I think AA would be good for me. In the back of my mind I wanna finish the rest of the drugs in my possession but realize that’s probably not the wisest choice.
Last time I went to AA I didn’t feel accepted, but I think i’d be more accepted now.
I definitely don’t need rehab, as I’ve done that before and I’m not that bad. And I’m not sure if it’d ever get that bad again. But I don’t wanna live a life of misery and wasting money on pointless substances when I’ve gotten high enough already.
Maybe you should taper off, so you don’t suffer withdrawal, but like I said, you should talk to a doctor.
What about inpatient treatment?
My drug of choice are hallucinogens. Right now I’m under the influence of LSD. I don’t get withdrawals. I don’t need inpatient. At worst I need IOP.
I’m not bad alcoholic, but if I have a couple beers, it leads to more beers, which eventually leads me to wanting to do LSD and shrooms and mescaline and ayahuasca, etc…, etc… It’s a vicious cycle.
Psychadelics seem pretty bad for someone with sz, but I don’t know.
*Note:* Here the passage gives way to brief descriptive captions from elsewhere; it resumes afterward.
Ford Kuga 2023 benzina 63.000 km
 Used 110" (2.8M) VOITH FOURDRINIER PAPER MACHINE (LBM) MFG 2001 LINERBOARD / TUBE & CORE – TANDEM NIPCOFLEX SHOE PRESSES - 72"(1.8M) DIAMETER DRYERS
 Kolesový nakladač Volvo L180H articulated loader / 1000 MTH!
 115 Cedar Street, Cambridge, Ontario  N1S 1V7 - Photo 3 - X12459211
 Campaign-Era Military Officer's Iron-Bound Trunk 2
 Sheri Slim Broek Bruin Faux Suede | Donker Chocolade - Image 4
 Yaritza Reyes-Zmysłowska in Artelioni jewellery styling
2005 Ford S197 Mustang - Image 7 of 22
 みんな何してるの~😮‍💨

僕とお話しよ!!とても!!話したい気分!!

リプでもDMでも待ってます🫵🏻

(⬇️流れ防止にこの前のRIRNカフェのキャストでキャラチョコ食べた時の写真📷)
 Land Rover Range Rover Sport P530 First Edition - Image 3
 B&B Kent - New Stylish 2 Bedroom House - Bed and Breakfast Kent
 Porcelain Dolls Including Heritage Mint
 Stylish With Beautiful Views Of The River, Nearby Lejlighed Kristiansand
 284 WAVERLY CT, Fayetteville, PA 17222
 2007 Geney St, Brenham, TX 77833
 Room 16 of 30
Sobriety is the way to go man, its a long hard road but it is worth it.
Now that I’m sober, I’m addicted to food and other stuff. I’m trying to level myself out.
Maybe I can addicted to working out. That wouldn’t be the worst of addictions.
Best addiction I can think of.





















good on you 
…you will feel better for it… 
take care 
I was never ready before. There was still something to be conquered. Now I realize it’s unconquerable. And it’s not fun. And I will indeed feel better for it!
One of the things that motivates me is being the guy in the chair 30 years from now telling my war stories back in the 'teens of how I used to get messed up on all kinds of drugs and stuff…before you kids ever did
…talking to people half my age and them respecting me for being that OG who did drugs while they were still in the womb.
And all the great spirituality I learn in AA…I live for that ■■■■.
I don’t wanna get ahead of myself though.
wierd, what i wrote to you just disappeared… 
but you can do this…
take care 
You are tripping right now man?
It’s cool but you should definitely not be addicted to psychedelic drugs,for me and most people that I know psychedelics are just a toy,but don’t play with them too much.
Tripping isn’t a big deal for me anymore. Just another way to get high. That’s what happens when you’ve done it like 60 times. I can do it on consecutive days. That’s how I know I’m wrong. This is why I need to stop.
I’ve had bad trips in the past when tripping was like a big deal, man,…if you know what I mean. But now it’s just a feeling. Which is why I need to stop.
Then stop …dude man …we are here for you bro .
Even though this isn’t a drug site.
You say you “trip” like it’s no big deal. But I wonder if they are doing you harm that you may not even be aware of. You could be damaging yourself and not even know it.
“The journey of a thousand miles begins with one step”.
You have to start somewhere. Throw all your drugs out and hit an NA meeting. I got clean through AA, CA, and NA (as you might know). It was the best thing I ever did for myself. I was heading down a bad road before I got clean but as soon as I got clean I got a job and went back to school and started socializing a LOT more. It was no coincidence that these things happened to me as soon as I got clean.